#### Records for the exercise ####

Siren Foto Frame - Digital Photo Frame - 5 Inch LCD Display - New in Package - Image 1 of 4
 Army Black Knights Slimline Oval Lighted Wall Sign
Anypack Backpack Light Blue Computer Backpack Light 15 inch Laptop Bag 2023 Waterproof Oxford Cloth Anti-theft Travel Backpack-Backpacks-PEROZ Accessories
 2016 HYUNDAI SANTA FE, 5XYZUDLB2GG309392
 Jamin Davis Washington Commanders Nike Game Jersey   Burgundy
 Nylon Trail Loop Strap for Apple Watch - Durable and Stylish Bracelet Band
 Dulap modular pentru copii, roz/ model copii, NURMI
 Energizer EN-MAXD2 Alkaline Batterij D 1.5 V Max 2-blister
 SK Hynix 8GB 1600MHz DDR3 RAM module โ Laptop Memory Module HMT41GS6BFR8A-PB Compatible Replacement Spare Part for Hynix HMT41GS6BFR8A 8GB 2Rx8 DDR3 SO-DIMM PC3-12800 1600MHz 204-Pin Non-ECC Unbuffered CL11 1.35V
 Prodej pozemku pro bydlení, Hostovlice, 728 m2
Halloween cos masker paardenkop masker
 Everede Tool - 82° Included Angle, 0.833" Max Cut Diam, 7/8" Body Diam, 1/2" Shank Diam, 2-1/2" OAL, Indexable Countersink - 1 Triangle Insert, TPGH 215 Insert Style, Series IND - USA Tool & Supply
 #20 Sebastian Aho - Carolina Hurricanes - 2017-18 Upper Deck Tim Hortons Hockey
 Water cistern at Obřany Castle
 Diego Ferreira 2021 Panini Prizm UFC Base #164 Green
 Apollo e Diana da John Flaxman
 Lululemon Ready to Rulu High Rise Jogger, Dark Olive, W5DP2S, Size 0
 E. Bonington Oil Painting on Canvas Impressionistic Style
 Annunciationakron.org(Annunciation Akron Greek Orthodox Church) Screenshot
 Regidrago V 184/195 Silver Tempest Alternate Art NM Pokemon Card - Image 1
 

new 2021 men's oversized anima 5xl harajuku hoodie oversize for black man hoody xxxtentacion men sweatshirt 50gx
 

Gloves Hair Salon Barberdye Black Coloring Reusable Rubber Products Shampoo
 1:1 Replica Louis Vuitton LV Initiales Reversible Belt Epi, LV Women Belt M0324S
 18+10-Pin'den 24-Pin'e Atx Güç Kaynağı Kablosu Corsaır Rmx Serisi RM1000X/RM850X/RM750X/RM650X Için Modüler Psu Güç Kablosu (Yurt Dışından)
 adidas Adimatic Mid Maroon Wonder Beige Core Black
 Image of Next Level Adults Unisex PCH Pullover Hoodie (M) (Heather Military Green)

####

**Task to carry out:**
A single figure is required: the number of lines above in which the word "Style" occurs.

**Solution:**
2